Check out the destination passeneger data from some of Florida's major airports (annualized as of March 2009):
* Tampa Bay (includes two airports): 1-year, down 8.2 percent; 5-year, up 8.7 percent, and 10-year, up 29.7 percent.
* Orlando-Kissimmee (includes two airports): 1-year, down 6.1 percent; 5-year, up 24.4 percent, and 10-year, up 36.1 percent.
* Miami-Fort Lauderdale-Miami Beach (includes three airports): 1-year, down 4.1 percent; 5-year, up 13.4 percent, and 10-year, up 20.4 percent.
* Jacksonville (includes one airport): 1-year, down 7.7 percent; 5-year, up 17.9 percent, and 10-year, up 30.1 percent.
* Nearly 99 percent of all U.S. air passengers arrive or depart from one of the 100 largest
metropolitan areas, with the vast majority of travel concentrated in 26 metropolitan-wide
hubs. Between April 2008 and March 2009, 26 metropolitan areas captured nearly three quarters of all domestic travelers, while 20 of these metros landed 94 percent of all international passengers. These extreme shares make these metropolitan hubs the critical links in the nation’s aviation system and reinforce their role as major centers of tourism and commerce.

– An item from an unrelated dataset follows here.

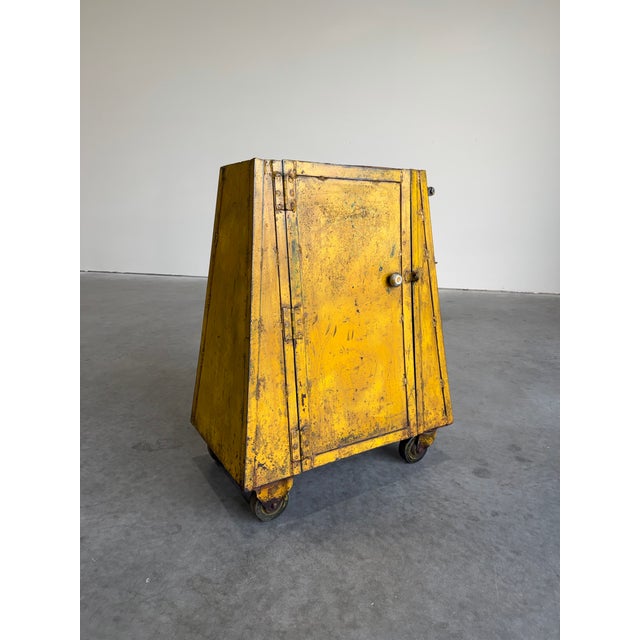 Vintage rustic primitive industrial metal machine or parts cabinet on wheels. Excellent aged patina to the yellow exterior...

* Half of the country’s flights are routes of less than 500 miles, and the busiest corridors
are between the metropolitan air travel centers. Corridors of no more than 500 miles
constituted half of all flights and carried 30 percent of all passengers in the most recent 12-month period starting April 2008.
* The 26 metropolitan centers of air travel and other large metropolitan areas host a
concentration of national delays -- and the situation is worsening over time. The concentration within the 100 largest metropolitan areas was especially troubling with congestion-related delays as well as those lasting over two hours. Within the 26 domestic hubs, six experienced worse-than-average delays for both arrivals and departures: New York, Chicago, Philadelphia, Miami, Atlanta, and San Francisco. (No, Tampa is not among the worst.)
The current economic recession led carriers to reduce flights, which improved on-time performance. But travelers will increase with the return of economic growth, and that will reduce on-time performance and continue the hyper-concentration of U.S. air travel within major metropolitan areas and on short-haul flights. To ensure that the commercial aviation system runs efficiently while simultaneously improving its environmental record, policymakers must focus aviation and other transportation investments on the metropolitan centers and the heavily trafficked short corridors, thus strengthening the performance of the our nation’s major economic engines, recommends the Brookings report.
Bottom line? The future clogging of air travel is another argument for selective use of high-speed rail. We've heard the "lessen the traffic jams on the roads" arguments plenty. Aiding air travel is a newer angle.